El Fiscal Nacional, Ángel Valencia, se pronunció recientemente sobre la investigación relacionada con la muerte de dos jóvenes hinchas del Club Deportivo Colo-Colo, un tema que ha generado gran conmoción en la sociedad chilena. Valencia abordó la controversia existente de si los líderes de barras bravas podrían tener conexiones con los dirigentes de los clubes, así como con organizaciones criminales. A través de su intervención en el programa de Radio Infinita, el fiscal destacó la importancia de no precipitarse en la criminalización de estas organizaciones, subrayando que una distinción es fundamental para comprender el fenómeno en cuestión.
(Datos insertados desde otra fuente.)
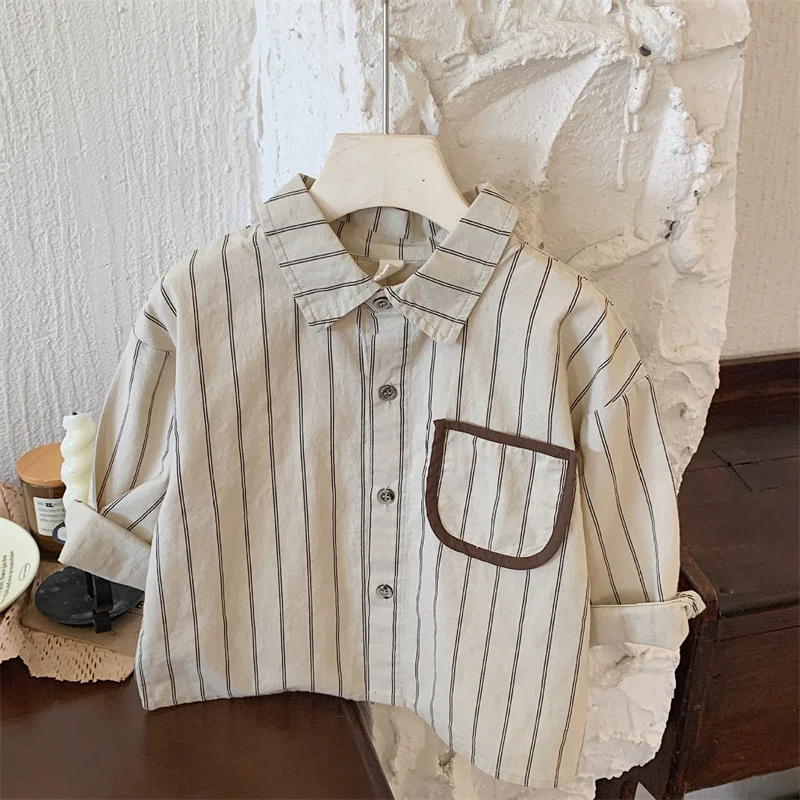 

2025Violet Spring Autumn Shirts Outwear Sunscreen Beach Children's Clothing Boys Baby's Kids Blouse Coat Jacket Outwear Cotton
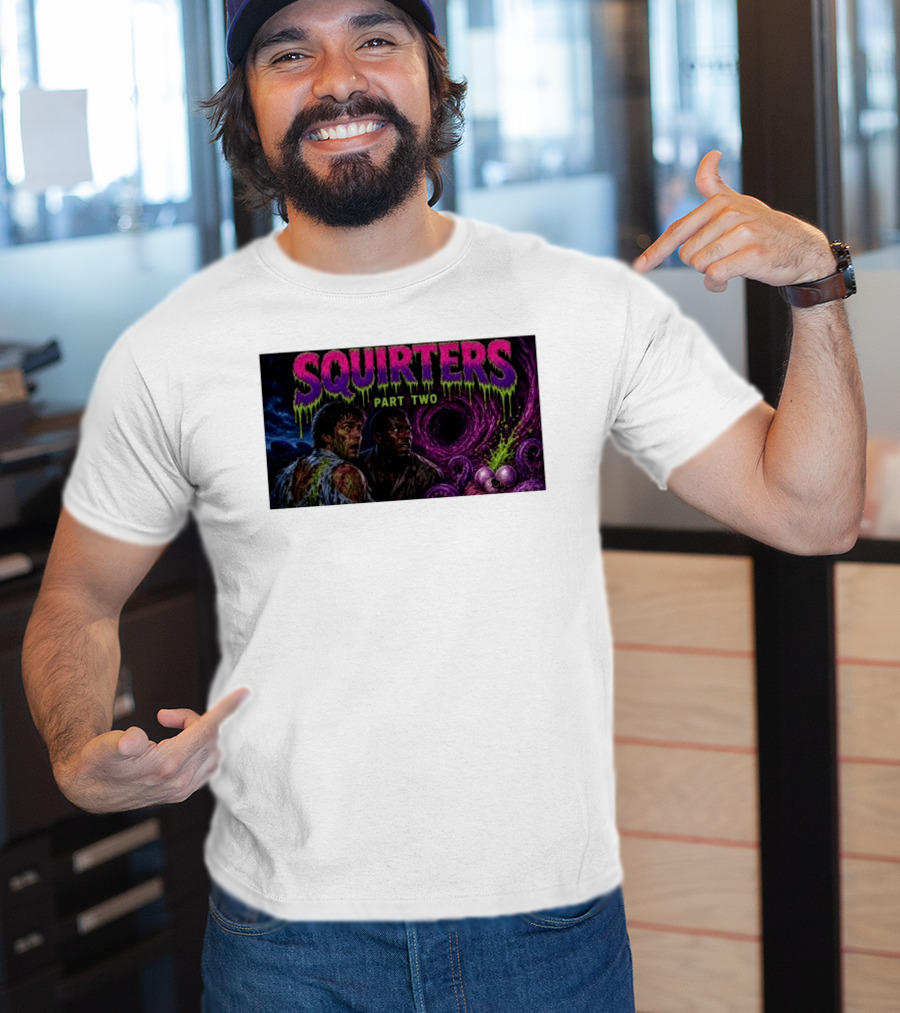 Squirters Part Two 1980s Horror Creature Scene T-Shirt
Durante su intervención, Valencia señaló que las investigaciones han revelado que dentro de estas barras hay individuos que participan activamente en actividades delictivas, tales como el tráfico de drogas y el comercio de artículos robados. Esto lleva al fiscal a plantear que el fervor por el equipo podría ser solo una fachada, un pretexto para encubrir estrategias comerciales que buscan rentabilidad a través de prácticas ilícitas. «Al final, si uno se pregunta, ¿de qué es lo que vive esta gente?» cuestionó, sugiriendo que las motivaciones económicas son primordiales en el comportamiento de algunos de estos grupos.
El fiscal continuó explicando que las barras bravas están conformadas por subgrupos que poseen raíces territoriales, donde el control de cada barra se fundamenta en un régimen de violencia. Esta estabilidad basada en el miedo y la represión podría estar vinculada a la posible complicidad con ciertos dirigentes de clubes, aunque Valencia enfatizó que eso debe ser objeto de investigación. Acerca de este delicado tema, el fiscal expresó su firme compromiso de llevar a cabo una investigación rigurosa y objetiva para determinar cualquier lazo que pueda existir entre estas entidades y los círculos delictuales.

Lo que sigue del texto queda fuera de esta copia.